Do you have a planned giving section on your website? If you do, does it even start to reflect the donor’s ACTUAL pathway on the route to a legacy gift decision?

I’ve looked at lots of legacy sections on websites – and almost all of them FAIL completely to help the donor move along her own natural path to making a positive gift decision.

So what is that path? And, how do you organize your site to help the donor make her decision journey?

Let’s take a walk down that path – and examine the steps along the way…
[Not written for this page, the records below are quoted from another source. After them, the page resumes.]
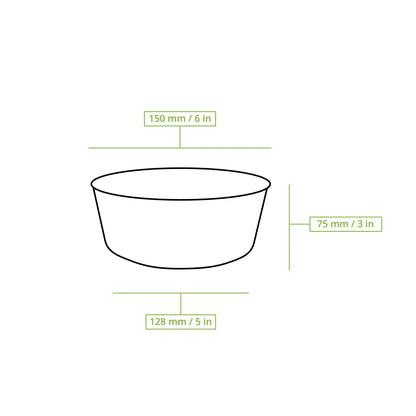 Paper bowls (coated) / Salad bowls 800 ml, Ø 150 mm, white, round (1000 ml max. volume)
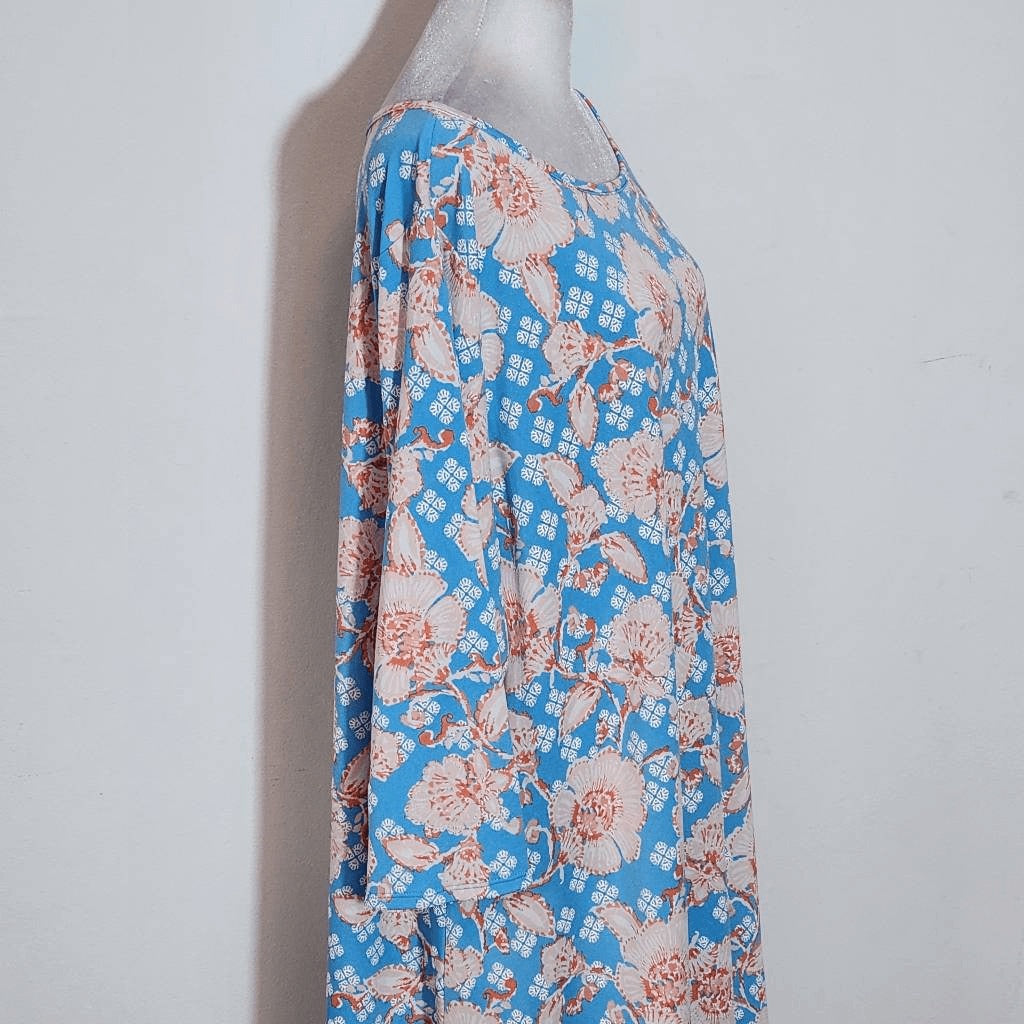 Ruby Rd. Blue Floral Print Knee-Length Shift Dress Size 2X Summer Floral Dress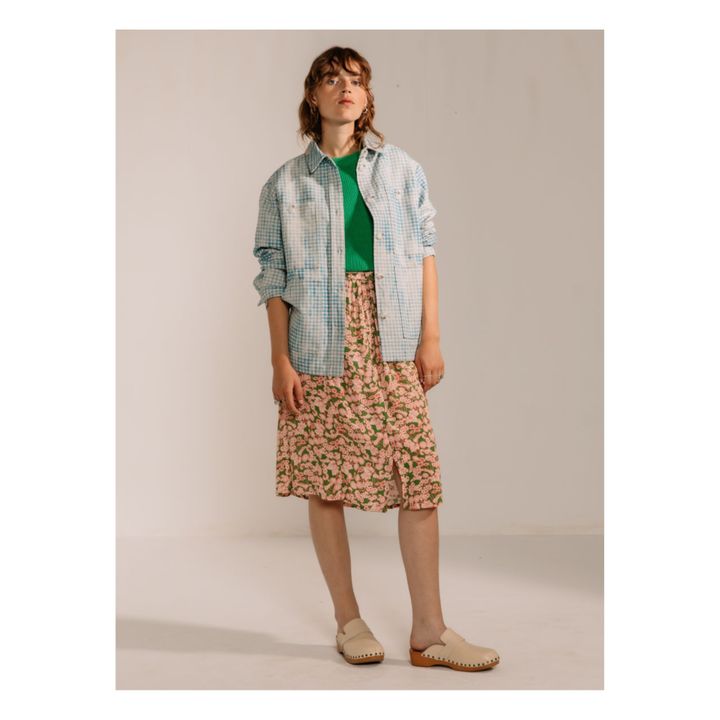 Bonnie Cotton and Linen Check Jacket | Azul Mar- Imagen del producto n°5
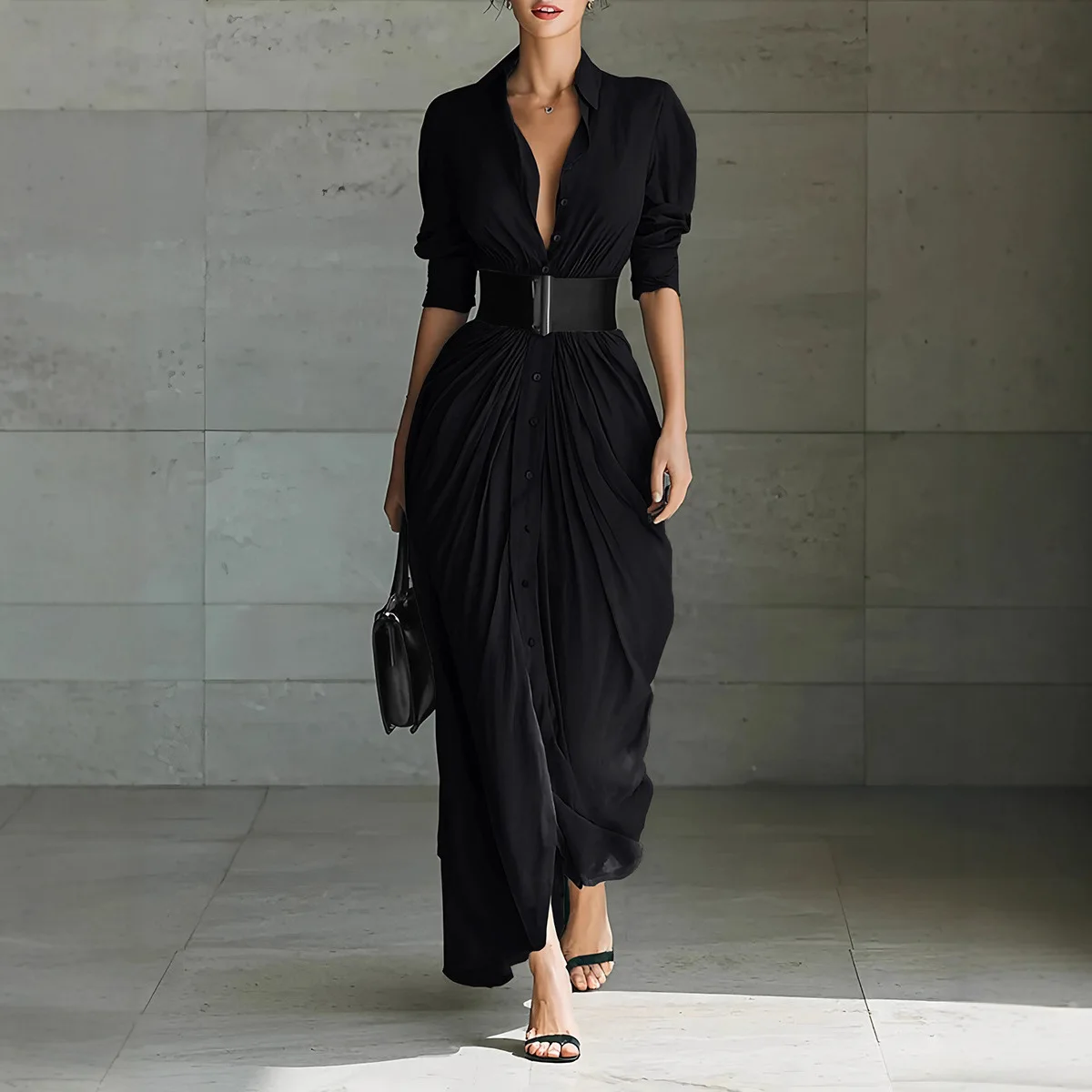 فستان قميص ذو طية صدر السترة على الموضة الأوروبية والأمريكية الجديدة للربيع والخريف بما في ذلك الحزام #3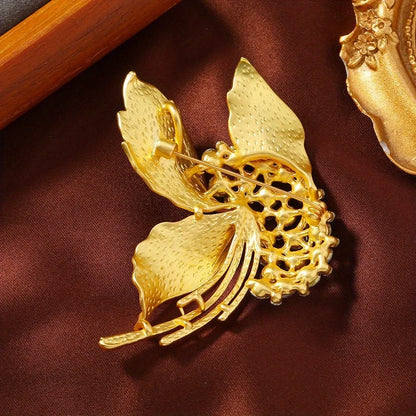 Ladies Flower Brooch Accessories Elegant Simple Gold Color Pin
  1. The first issue the donor needs to deal with is whether a bequest (to anybody) is the right choice for her. You want to open with a discussion of the types of people who make bequests – and their reasons for making them.
  2. Next, you want to talk about your cause (NOT your organization) as a suitable recipient of a legacy gift. Whether your cause is poverty, animal welfare or the environment, you need to talk about the cause first – because it’s the cause the donor cares most about.
  3. Now, you can talk about yourself. You want to present your organization as the best vehicle for the donor to perpetuate her support for the cause in the years to come.
  4. Next, you want to pre-empt the two donor objections: namely ‘But I need to take care of my family’ and ‘I thought this was something only wealthy people do’.
  5. Now – and only now – you can get into some of the HOW of legacy giving. I like to encourage residual and percentage (over fixed amount) gifts here. The key here is to make it feel EASIER to make a bequest than the donor had previously thought.
  6. Last, demonstrate that you’re available to answer questions and provide more information. Give the donor a person’s name, postal address, phone number and email address – and encourage the donor to contact you if she wants to.  Two keys here are to promise confidentiality/discretion and that you won’t initiate unwanted phone calls and visits.

KEY TIP! You can and should use storytelling all the way along this path. Donor profiles, testimonials and stories can illustrate how others followed the same path, dealt with the same issues and came to a positive gift decision. NOTHING communicates these messages more powerfully than stories.

So go and give your legacy site a makeover – and call me when you’re done. I’d LOVE to have a look!